UC Berkeley researchers found preliminary evidence for financial scarcity placing strain on parents in a way that decreases conversations with their children.
According to campus associate professor of psychology Mahesh Srinivasan, children from higher-income families will hear millions of words more than children from lower-income families by preschool, creating a “word gap.”
While researchers have debated the magnitude of the difference, studies have shown a connection between the number of words parents speak to their children and their vocabulary growth, literacy, school readiness and academic performance in school, Srinivasan said.
Srinivasan noted that this finding has led to parenting interventions built on the idea that lower-income parents lack parenting knowledge. Srinivasan, lead author and UC Berkeley doctoral candidate Monica Ellwood-Lowe and current University of Chicago postdoctoral researcher Ruthe Foushee tested a different explanation and published their findings in Developmental Science in July, according to Srinivasan and a UC Berkeley press release.
As part of the Language and Cognitive Development Lab, the team hypothesized that parents spoke less to their children because of financial strains. Stressors of dangerous neighborhoods and access to food moved the focus away from individual parents’ issues, according to Srinivasan, who is the senior author of the paper.

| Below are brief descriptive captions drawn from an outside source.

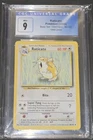 CGC 9 Mint 2000 Pokemon Raticate Base Set Unlimited 40/102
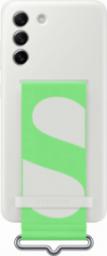  Samsung SAMSUNG Etui Silicone Cover z paskiem do S21 FE White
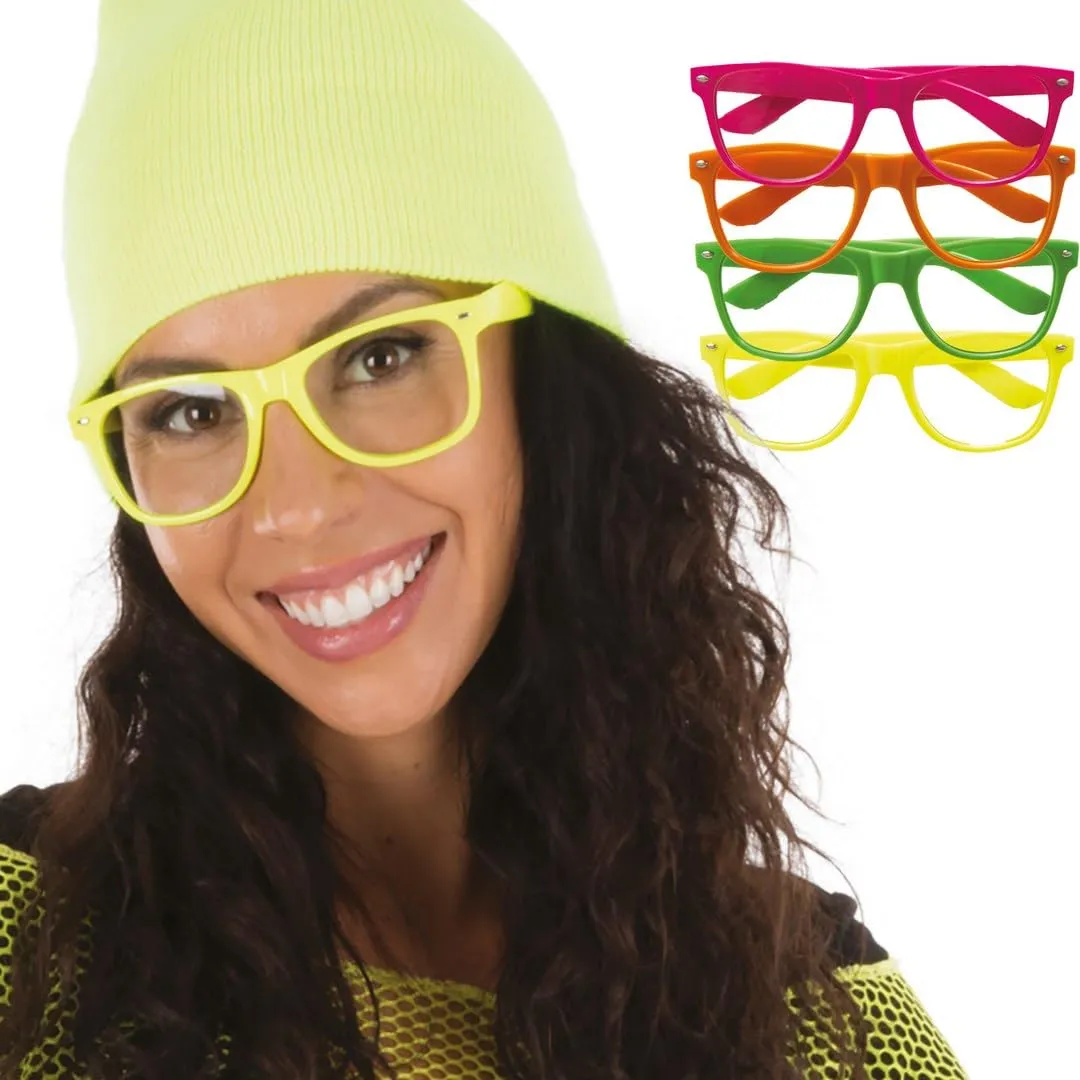P'tit Clown Re22673 set 4 occhiali fluorescenti fluo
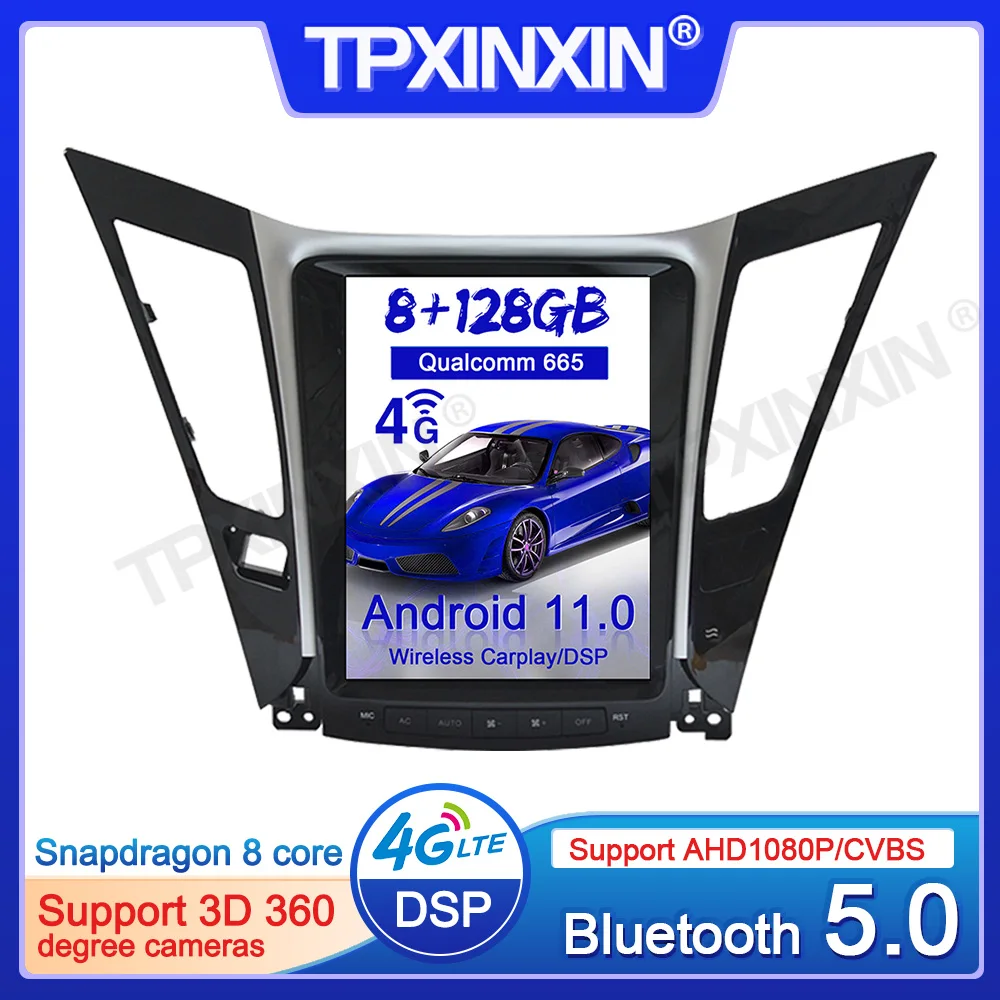 

Автомобильный мультимедийный плеер Qualcomm для Hyundai Sonata 8 2012-2014 Android 11, GPS-навигация, стерео головное устройство, автомобильное радио, Wi-Fi, Carplay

“Our research is really about shifting the focus of attention toward how we can support parents and away from what parents are doing wrong, potentially,” Ellwood-Lowe said. “It comes from a belief that we have, which is not empirically tested, that parents are generally trying to be the best parent they can be.”
The team conducted two studies. The first, an experimental study, randomly assigned parents to reflect on either recent experiences of scarcity or general experiences, according to Ellwood-Lowe.

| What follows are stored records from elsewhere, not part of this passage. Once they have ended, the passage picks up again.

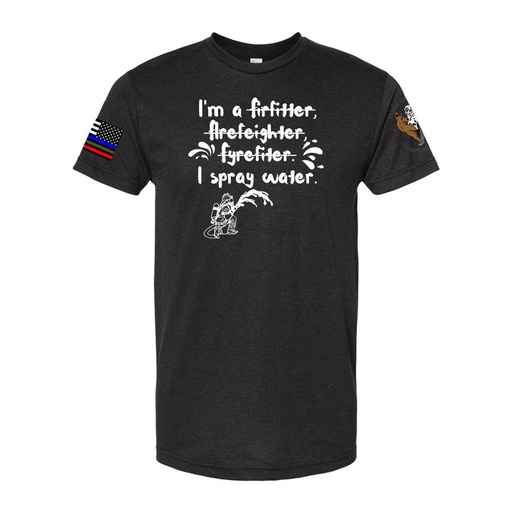 Firefighter / I Spray Water" Men's Fine-Jersey Tee
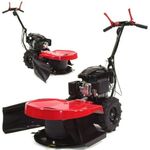 Apex Benzinrasenmäher Kreiselmäher Hochgrasmäher Wiesenmäher Trommelmäher, 58 cm Arbeitsbreite, 5.5 PS, Radantrieb, Blau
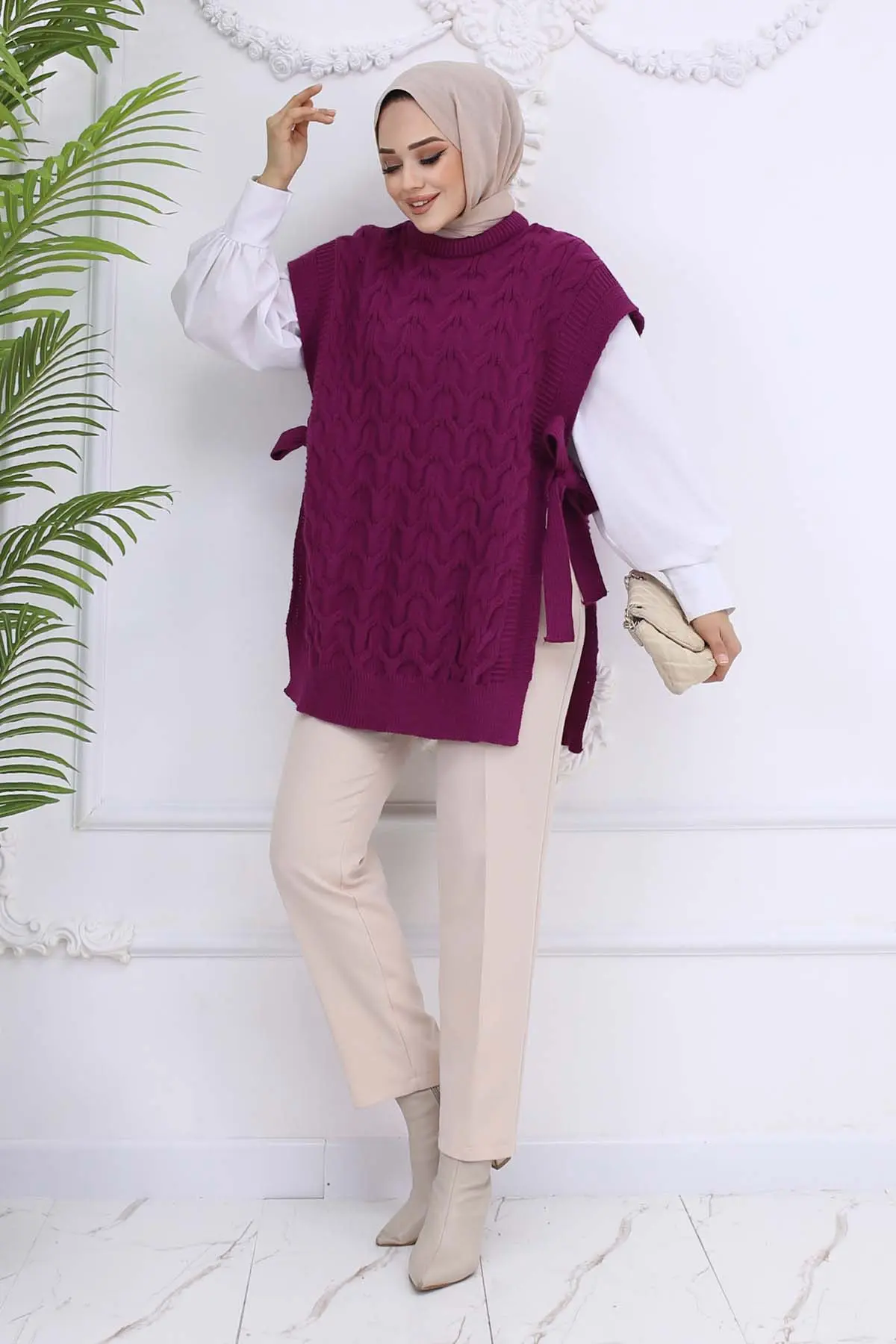 Side Tie Sweater-detail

The group assigned to reflect on scarcity talked slightly less with their children. The parents who reflected on financial strain consistently spoke less with their children than the other parents did, despite differences in education level and income.
The finding was exploratory, as not all of the parents reflecting on financial scarcity were engaging with severe experiences, Srinivasan added. In the second study, the team used a real-world database and found decreased speech at the end of the month.
Srinivasan noted that he was surprised to find that this effect was stronger in higher socioeconomic backgrounds.
“One hope of this sort of line of research is to say anybody, regardless of their personal characteristics, put into this position would have this kind of consequence in terms of how they interact with their kids,” Srinivasan said. “So we need to make sure that parents are not put in this position.”
A possible solution would be to provide cash transfer programs to parents, the effect of which his lab is preparing to study, Srinivasan noted. He added that cultural differences, school systems and how children adapt need to be considered.
For Foushee, the “word gap” represents just one story about the value of language.
“As a speaker, I would sooner forget half of my vocabulary than how to craft a joke, appreciate poems or songs, take a turn in conversation, or apologize or express condolences,” Foushee said in an email. “As a society member, I’m not sure that knowing a lot of English words and thriving in school should be the same thing.”